(EXERCISE REQUIREMENTS):
Where a line below holds the string "eines", that line goes into the answer.

(RECORDS FOR PROCESSING):
-- Opening Marker --
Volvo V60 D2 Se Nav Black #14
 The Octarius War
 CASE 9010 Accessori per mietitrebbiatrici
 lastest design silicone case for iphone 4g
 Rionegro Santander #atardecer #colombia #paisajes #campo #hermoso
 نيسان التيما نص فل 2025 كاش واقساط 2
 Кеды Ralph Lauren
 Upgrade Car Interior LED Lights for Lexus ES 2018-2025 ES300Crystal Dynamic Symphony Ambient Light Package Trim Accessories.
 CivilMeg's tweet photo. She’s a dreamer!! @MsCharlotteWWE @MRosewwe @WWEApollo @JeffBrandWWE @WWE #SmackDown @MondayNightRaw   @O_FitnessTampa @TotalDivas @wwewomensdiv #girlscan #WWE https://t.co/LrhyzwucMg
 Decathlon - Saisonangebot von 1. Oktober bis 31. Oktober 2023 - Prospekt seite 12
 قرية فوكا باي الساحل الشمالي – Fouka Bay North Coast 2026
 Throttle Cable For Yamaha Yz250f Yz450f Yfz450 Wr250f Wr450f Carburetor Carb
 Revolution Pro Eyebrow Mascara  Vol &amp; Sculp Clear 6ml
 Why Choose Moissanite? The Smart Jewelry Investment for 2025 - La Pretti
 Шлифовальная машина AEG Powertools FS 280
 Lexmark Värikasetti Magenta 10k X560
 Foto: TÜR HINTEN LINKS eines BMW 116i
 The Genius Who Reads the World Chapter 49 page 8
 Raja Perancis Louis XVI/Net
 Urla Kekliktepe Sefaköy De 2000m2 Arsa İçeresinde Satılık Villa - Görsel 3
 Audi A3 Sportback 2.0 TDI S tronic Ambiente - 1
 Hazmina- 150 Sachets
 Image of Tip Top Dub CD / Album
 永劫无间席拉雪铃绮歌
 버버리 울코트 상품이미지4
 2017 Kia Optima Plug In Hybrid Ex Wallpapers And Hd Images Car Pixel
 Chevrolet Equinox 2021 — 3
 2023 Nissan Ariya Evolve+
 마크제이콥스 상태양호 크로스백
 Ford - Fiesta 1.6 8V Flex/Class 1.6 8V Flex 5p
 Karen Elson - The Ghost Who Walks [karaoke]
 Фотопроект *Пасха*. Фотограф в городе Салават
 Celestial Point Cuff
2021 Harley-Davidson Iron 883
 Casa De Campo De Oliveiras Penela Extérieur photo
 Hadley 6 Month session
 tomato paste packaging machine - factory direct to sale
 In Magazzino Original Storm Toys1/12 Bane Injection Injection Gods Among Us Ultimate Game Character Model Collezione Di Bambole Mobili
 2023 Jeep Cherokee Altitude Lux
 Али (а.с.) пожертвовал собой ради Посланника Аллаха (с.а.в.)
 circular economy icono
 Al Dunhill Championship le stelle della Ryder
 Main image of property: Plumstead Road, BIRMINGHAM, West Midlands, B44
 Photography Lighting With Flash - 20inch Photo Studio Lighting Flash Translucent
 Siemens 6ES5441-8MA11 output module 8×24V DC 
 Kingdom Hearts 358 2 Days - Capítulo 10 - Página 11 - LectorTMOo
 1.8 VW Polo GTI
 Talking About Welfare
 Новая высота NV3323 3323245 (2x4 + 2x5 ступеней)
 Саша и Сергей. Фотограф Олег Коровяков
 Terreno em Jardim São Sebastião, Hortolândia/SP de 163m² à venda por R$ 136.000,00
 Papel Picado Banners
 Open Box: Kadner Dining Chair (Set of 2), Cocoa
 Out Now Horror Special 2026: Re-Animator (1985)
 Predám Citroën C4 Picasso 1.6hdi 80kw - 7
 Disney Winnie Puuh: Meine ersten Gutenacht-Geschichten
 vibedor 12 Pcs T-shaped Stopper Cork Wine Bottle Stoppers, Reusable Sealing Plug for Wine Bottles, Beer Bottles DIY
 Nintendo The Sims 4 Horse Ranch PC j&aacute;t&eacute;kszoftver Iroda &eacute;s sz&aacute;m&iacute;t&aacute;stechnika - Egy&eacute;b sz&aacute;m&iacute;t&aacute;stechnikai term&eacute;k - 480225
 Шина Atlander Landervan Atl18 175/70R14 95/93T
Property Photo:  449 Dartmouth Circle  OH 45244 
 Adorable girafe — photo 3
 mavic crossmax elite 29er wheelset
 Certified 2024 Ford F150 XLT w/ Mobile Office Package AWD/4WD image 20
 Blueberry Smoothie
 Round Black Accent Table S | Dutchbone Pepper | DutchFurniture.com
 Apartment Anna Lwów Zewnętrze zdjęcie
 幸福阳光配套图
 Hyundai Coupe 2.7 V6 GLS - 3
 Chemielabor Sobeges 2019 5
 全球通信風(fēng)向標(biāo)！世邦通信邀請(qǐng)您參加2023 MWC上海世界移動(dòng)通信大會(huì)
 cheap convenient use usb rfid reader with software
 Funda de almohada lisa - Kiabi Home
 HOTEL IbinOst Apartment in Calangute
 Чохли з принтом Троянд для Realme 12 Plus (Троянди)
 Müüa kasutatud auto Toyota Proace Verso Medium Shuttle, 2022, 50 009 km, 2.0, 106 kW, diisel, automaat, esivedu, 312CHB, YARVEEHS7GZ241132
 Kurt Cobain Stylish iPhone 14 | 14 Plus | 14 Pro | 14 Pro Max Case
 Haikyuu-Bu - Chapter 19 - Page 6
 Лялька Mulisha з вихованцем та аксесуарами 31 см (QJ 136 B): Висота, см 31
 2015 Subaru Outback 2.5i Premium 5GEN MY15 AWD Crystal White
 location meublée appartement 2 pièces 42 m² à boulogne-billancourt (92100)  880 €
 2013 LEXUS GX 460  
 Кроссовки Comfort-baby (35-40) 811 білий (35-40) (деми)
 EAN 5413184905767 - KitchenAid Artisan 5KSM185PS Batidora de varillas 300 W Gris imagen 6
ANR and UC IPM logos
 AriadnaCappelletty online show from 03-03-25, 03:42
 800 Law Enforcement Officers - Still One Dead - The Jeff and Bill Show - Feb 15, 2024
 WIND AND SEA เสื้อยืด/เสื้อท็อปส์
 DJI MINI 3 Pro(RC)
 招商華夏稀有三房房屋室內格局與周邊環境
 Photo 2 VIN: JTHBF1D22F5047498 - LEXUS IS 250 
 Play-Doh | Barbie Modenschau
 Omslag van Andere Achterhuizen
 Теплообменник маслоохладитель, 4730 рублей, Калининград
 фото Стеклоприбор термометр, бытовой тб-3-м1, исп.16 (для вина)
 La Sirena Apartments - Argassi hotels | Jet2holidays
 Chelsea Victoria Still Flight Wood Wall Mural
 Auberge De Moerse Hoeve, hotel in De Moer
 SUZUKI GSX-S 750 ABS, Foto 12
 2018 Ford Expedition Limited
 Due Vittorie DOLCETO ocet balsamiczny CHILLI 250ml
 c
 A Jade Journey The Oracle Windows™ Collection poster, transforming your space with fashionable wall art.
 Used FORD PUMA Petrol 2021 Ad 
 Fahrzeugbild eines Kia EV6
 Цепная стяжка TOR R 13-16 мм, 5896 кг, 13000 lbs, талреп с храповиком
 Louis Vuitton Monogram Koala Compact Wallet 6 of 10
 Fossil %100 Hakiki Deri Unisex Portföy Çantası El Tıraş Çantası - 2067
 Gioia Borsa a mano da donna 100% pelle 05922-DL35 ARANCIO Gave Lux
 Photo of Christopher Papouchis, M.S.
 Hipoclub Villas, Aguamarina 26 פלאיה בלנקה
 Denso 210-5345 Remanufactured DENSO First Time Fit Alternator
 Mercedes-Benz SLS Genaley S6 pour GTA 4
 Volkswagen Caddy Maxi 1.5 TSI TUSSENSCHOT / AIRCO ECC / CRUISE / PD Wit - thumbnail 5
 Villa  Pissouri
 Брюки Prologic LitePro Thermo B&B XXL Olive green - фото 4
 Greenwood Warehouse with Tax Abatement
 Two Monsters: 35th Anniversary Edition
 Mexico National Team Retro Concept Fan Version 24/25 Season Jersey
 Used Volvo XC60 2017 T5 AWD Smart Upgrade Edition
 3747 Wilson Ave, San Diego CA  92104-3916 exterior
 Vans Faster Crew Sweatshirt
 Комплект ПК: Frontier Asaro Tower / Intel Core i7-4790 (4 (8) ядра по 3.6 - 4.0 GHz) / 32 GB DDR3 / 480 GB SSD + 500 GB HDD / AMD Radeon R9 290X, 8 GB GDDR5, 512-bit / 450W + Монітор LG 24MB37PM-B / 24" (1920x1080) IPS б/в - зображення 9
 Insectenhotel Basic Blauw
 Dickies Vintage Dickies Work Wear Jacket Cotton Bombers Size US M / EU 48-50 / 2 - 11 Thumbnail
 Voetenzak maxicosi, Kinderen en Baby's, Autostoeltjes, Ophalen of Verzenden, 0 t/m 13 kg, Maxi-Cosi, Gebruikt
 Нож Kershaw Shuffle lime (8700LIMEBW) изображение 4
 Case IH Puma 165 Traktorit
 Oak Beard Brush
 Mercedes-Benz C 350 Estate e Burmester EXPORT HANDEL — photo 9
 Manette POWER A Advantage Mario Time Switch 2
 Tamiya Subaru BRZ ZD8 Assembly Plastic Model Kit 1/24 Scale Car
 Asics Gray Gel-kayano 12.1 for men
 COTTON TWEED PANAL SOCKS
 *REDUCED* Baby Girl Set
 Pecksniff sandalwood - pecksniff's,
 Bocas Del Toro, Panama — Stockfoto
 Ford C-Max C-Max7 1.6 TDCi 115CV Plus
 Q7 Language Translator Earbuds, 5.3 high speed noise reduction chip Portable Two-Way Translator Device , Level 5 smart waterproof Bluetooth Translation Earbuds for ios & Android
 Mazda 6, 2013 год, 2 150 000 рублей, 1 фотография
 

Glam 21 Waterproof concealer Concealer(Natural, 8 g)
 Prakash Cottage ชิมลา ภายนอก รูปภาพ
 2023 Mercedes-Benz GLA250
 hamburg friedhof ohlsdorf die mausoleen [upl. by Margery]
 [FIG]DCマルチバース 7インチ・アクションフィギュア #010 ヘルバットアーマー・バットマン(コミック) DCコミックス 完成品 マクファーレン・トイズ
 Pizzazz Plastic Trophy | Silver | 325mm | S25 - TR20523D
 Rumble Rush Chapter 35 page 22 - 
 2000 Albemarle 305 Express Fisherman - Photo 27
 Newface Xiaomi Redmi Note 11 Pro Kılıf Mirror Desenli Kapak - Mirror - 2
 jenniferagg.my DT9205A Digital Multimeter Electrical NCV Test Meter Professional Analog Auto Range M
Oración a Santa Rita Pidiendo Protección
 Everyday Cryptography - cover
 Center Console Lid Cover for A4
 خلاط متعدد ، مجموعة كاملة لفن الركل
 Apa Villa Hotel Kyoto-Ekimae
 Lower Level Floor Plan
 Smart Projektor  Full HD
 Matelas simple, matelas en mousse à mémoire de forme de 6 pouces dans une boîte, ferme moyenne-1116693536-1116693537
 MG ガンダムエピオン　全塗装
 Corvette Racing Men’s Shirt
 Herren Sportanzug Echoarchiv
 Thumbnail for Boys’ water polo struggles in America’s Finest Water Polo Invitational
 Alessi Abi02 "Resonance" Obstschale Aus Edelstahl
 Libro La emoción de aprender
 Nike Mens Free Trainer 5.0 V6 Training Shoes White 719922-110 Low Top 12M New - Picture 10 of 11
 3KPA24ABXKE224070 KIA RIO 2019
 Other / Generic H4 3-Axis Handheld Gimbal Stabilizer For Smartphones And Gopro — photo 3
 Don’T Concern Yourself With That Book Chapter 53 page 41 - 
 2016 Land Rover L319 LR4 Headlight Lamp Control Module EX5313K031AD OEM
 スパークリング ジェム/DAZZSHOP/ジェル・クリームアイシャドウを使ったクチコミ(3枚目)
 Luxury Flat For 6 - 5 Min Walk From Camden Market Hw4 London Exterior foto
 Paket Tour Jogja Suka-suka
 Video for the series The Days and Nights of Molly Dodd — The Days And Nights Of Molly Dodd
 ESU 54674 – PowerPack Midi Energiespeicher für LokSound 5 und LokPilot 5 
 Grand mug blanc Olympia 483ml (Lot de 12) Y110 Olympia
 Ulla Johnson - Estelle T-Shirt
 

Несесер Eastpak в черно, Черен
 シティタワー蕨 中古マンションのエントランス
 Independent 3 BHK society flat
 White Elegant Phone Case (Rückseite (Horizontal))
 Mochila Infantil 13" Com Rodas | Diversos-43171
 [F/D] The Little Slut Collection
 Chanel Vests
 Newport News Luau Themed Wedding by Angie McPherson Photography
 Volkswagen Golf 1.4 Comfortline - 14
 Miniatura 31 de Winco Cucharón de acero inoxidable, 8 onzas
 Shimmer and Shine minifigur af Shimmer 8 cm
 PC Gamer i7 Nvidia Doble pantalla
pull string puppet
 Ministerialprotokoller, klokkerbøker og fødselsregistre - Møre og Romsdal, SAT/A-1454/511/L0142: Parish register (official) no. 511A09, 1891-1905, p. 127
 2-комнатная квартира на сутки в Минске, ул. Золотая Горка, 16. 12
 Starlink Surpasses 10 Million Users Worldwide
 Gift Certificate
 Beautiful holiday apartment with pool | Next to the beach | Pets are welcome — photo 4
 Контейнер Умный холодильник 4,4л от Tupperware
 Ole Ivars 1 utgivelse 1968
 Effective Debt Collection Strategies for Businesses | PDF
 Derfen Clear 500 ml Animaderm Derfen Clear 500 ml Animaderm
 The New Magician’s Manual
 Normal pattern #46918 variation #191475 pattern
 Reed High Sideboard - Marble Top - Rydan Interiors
-- Closing Marker --
(ANSWER FOR THE TASK):
 Foto: TÜR HINTEN LINKS eines BMW 116i
 Fahrzeugbild eines Kia EV6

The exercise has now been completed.